Zhang et al 2022: "Corporate Dominance in Open Source Ecosystems: A Case Study of OpenStack" http://dx.doi.org/10.1145/3540250.3549117 "We find evidence of company domination in >73% of the repositories in OpenStack…We identify five patterns of corporate dominance: Early incubation, Full-time hosting, Growing domination, Occasional domination, and Last remaining. We find that domination has a significantly negative relationship with the survival probability of OSS projects." #nwit
@gvwilson Interesting, thanks!
I find the focus on "survival" a bit surprising (but it's relatively easy to observe). Once a project is dominated by a corporation, it becomes less and less useful to its other users, so in the end it doesn't matter so much if it survives as a for-corporate tool or not.
@gvwilson I'd love to see a more general study of how OS project evolve as the composition of their community changes over time.
What I have seen happening with the SciPy ecosystem is an early focus on growth for ensuring sustainability, which lead to new participants having different objectives and thus a change of focus of the projects. Today, SciPy no longer serves the people for who it was initially created: individual researchers and small teams.
@frankkrueger Not SciPy the library, but the ecosystem as a whole. It started with Numerical Python, first published in 1995.
Maybe the archived MatrixSIG mailing list has some explicit references to goals or objectives. I am drawing on my memories from those days (I was a founding member of the MatrixSIG).
I'll add that one strength in early Python was the ease of creating C extensions. Now that once-core capability is Somebody Else's Problem (a PEP 517 backend).
The focus shift to isolated environments and reproducible builds might(?) be more appropriate for corporate concerns, but have been a downright nuisance for me.
For example, I've had to patch around changes that hinder my workflow, like how isolation hinders incremental re-builds, while my full builds take >1 min.
@dalke That's a good illustration, also for the influence from the wider Python ecosystem that went the same route towards professionalisation (trying to find a less loaded term than corporate domination).

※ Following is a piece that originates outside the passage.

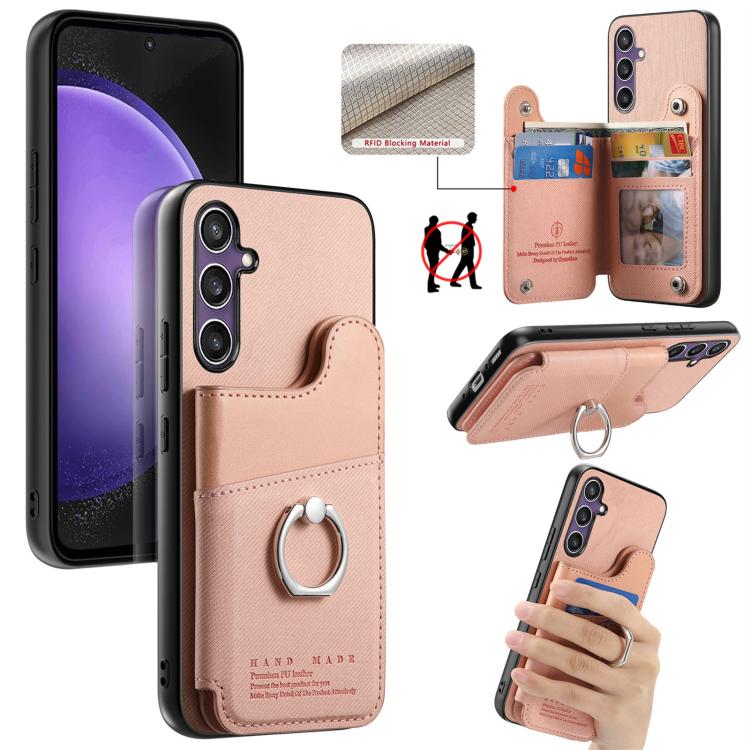 Portafoglio multi-carta con anelli in tessuto twill, custodia per telefono in pelle vegana, For Galaxy S24 5G, For Galaxy S23 FE 5G, For Galaxy A54 5G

Reminder: Python started out as a scripting language, in 1991. Today it has become unclear how many package managers it has or needs. I don't write small scripts in Python anymore, the overhead of environment management is too much.
@dalke @khinsen @gvwilson The sad thing is that Python doesn’t even do isolated environments well… It should be the default and only way to set up a project. Instead, there are more tools for it than I can count, and it’s a skill to even know how to choose one. Even relatively good tools like Conda don’t give you a lock file by default (not difficult to generate once you learn the command, but you have to know you need it and know to look for the command that does it).

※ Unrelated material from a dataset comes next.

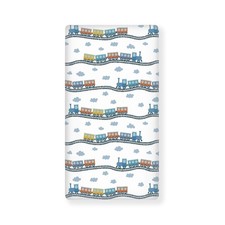 Colorful Train Fitted Crib Sheet for Boys Girls Cartoon Trains Baby Sheet for...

Compare this to Julia which has a single standard package and environment manager. The only thing to do is declare that the current directory will now contain a project, and you have the important things automatically taken care of by the tool. People using the project downstream of you can then choose to use its dependencies in their newest available versions (tell the package manager to instantiate the Project.toml file), or the same pinned versions you used at the time you worked on the project (instantiate Manifest.toml, which is how Julia calls the lock file).
That insistence on isolated environments is exactly my point about how things have changed to make things harder for some.

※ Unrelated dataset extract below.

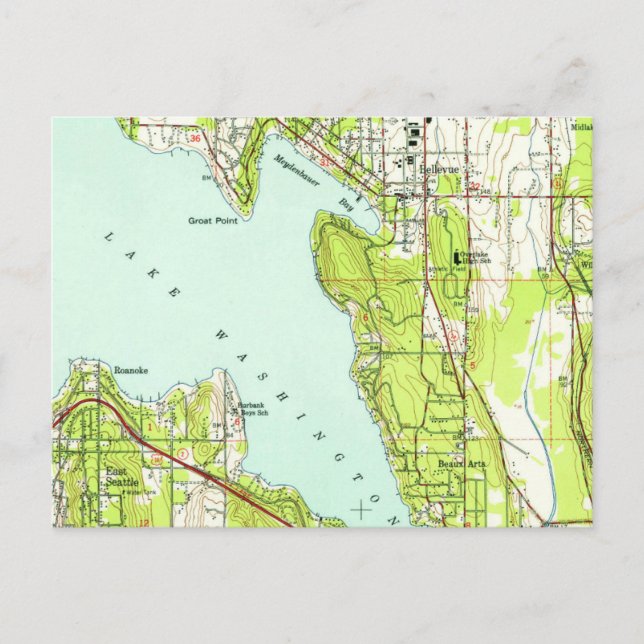 Postal Mapa de época de Bellevue Washington (Anverso)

Can you tell Julia's Project.toml that you depend on a third-party binary (like VMD at https://www.ks.uiuc.edu/Research/vmd/), and a manually built shared lib, when those aren't known to Julia?
I know some love lock files, but I've not used them as my research projects have essentially no dependencies. I set up a venv and use it for a couple of years.
@dalke @khinsen @gvwilson Sorry, I got carried away talking about Julia. I don't know exactly how it deals with external dependencies because I haven't needed them (at least not directly). This is presumably explained here (and in the documentation linked therein): https://binarybuilder.org ; a quick glance suggests that you first need to write a package definition for the dependencies, so the simple answer to your question seems to be "no".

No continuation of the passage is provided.